Sembra dunque che la grancassa mediatica abbia contribuito ad amplificare paure, senza però far passare in maniera adeguata le informazioni corrette. L’impressione è che gli effetti siano ancora tutti da vedere. Ne sanno qualcosa all’Arcidiocesi di Modena Nonantola, dove lo scorso agosto i responsabili della comunicazione hanno fatto fatica a contenere la ribalta mediatica che ha riguardato una giovane andata in Ciad per un mese di volontariato. Durante il ritorno in Italia, la giovane era stata colta da malore e fatta sbarcare a Istanbul, nel rispetto delle procedure di sicurezza previste per i voli provenienti dall’Africa occidentale. “La ragazza sta bene, aveva avuto una semplice gastroenterite” dice al telefono Francesco Panigadi, responsabile dell’animazione missionaria. Il punto è un altro. “Le procedure sono state applicate correttamente, ma è il modo in cui i media hanno trattato la storia che ci ha lasciato perplessi. Sui giornali locali, la questione è stata strumentalizzata a fini politici, l’argomento è divenuto tema di discussioni anche nei parchi e sono circolate così tante notizie infondate da generare paura e condizionamenti di cui ancora non conosciamo bene le conseguenze”.
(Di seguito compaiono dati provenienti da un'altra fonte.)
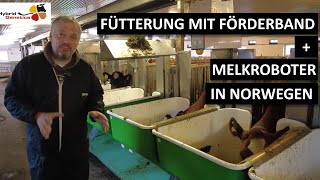 Milchkühen in Norwegen im Kuhstall mit Methanausstoß und Futteraufnahmemessungen [upl. by Yhtrod]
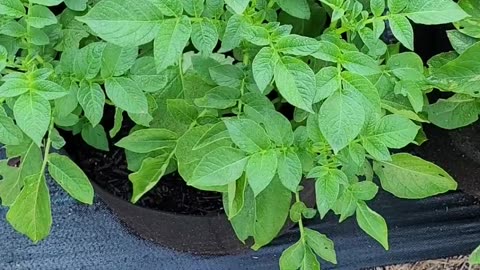 Kennebec Potatoes Growing in a 10 Gallon Grow Bag.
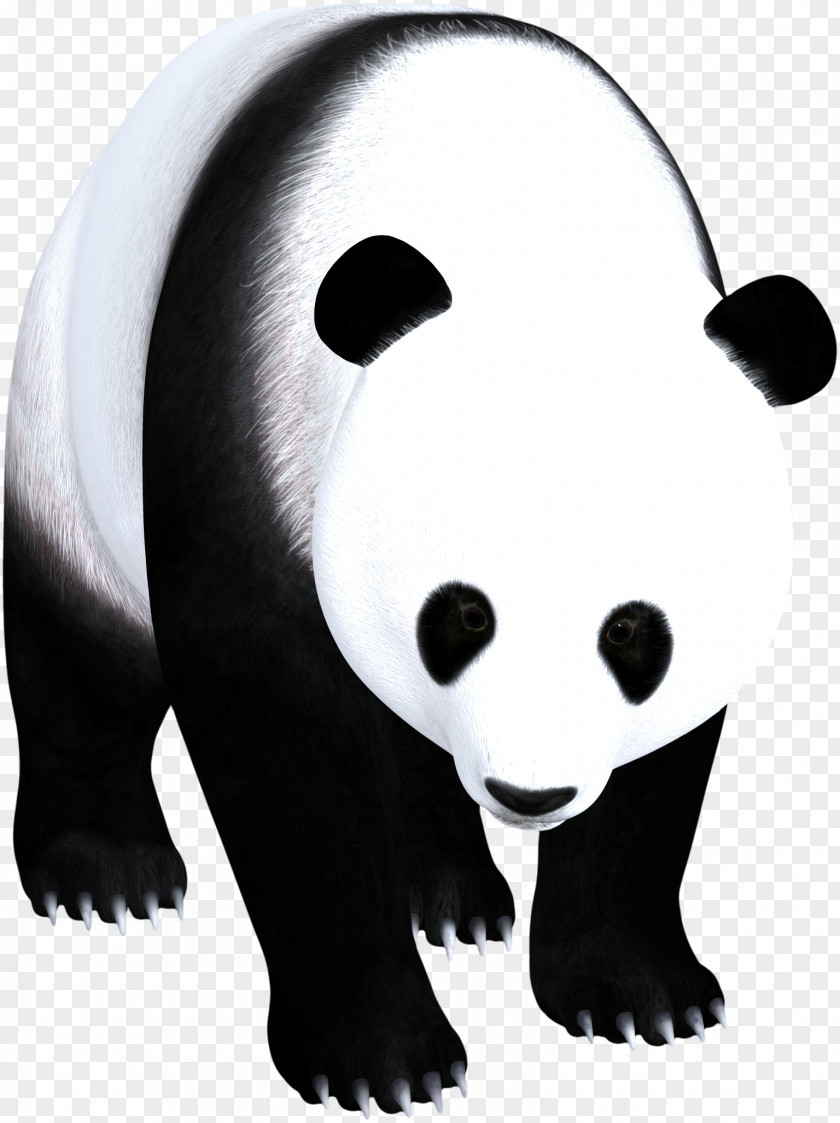 Panda Giant American Black Bear And White PNG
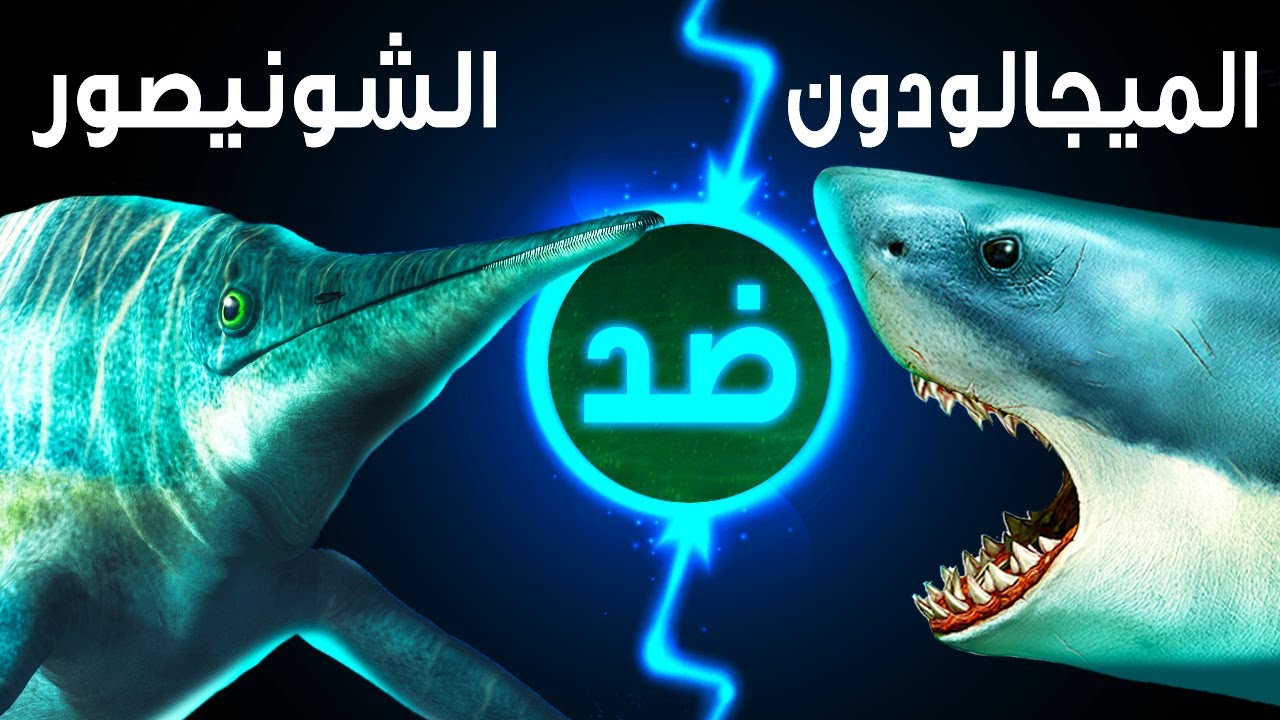 النزال الأعظم: الميغالودون ضدّ أكبر ديناصور بحري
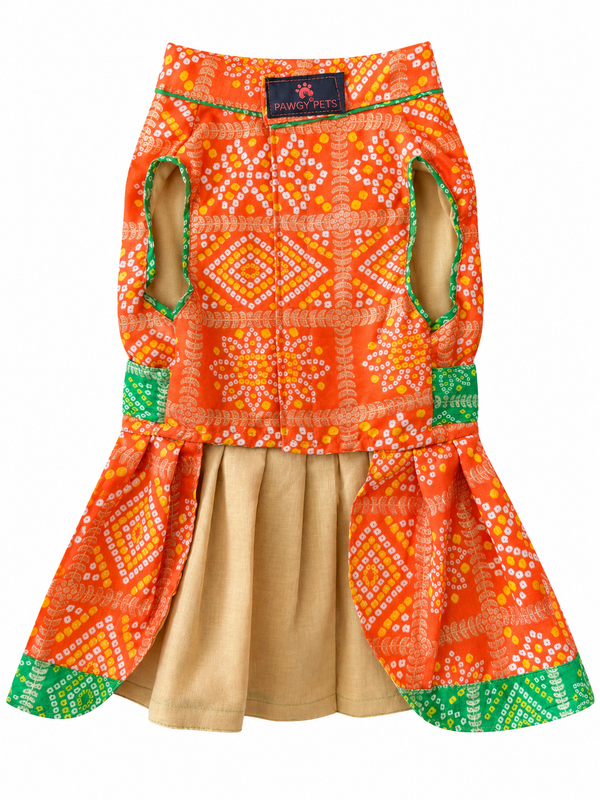 Pawgy Pets Festive Dress for Dogs (Orange & Green)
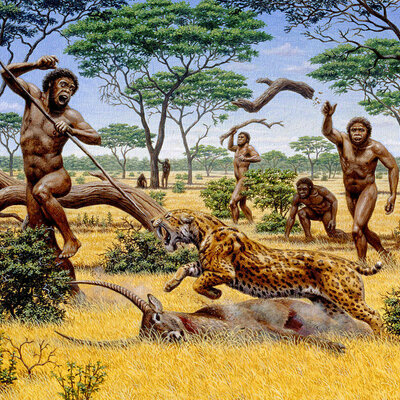 Timeline: Desarrollo histórico de la relación de las sociedades humanas con su ambiente.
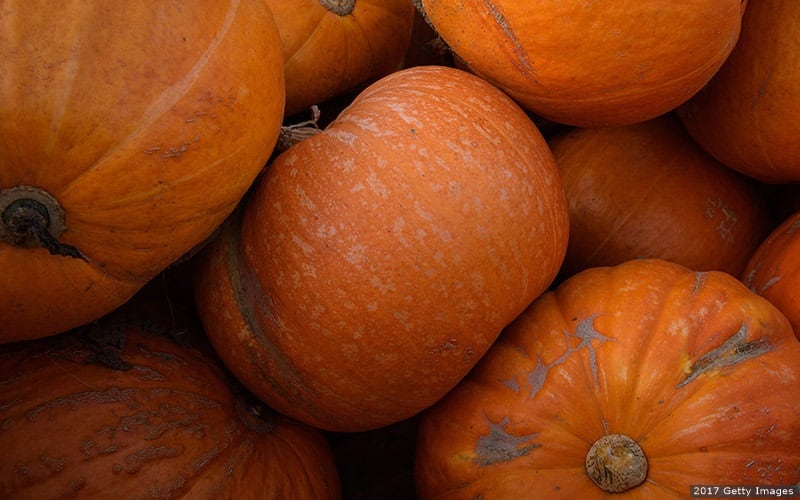 Pumpkin Fall Recipe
La storia della ragazza di Modena è finita anche su tutti i media nazionali, che hanno usato una certa superficialità nel verificare alcuni particolari. Uno soprattutto: citando come fonte la versione inglese del quotidiano turco ‘Zaman’, molti giornalisti italiani hanno riportato, senza opportuno controllo, che la volontaria era arrivata a Istanbul su un volo proveniente “da Kano, in Kenya”. Kano è invece una grande città del nord della Nigeria e la giovane vi aveva fatto scalo tecnico in provenienza da N’Djamena; a Kano non era nemmeno scesa, si era poi sentita male in volo prima di arrivare in Turchia. Molti non hanno verificato e corretto l’errore geografico commesso da ‘Zaman’, per cui anche in numerosi giornali italiani Kano è diventata di colpo una città del Kenya. “Da notizie come questa – dice Pasquale Tiritò, presidente del gruppo Jacaranda, società che gestisce alcuni hotel a Watamu in Kenya – noi riteniamo di aver subito danni. Confondere la Nigeria con il Kenya, paesi distantissimi, forzare una situazione di incertezza e parlare di un presunto caso di ebola collegandolo erroneamente al Kenya, significa affossare una tra le destinazioni principali dei turisti italiani in Africa”.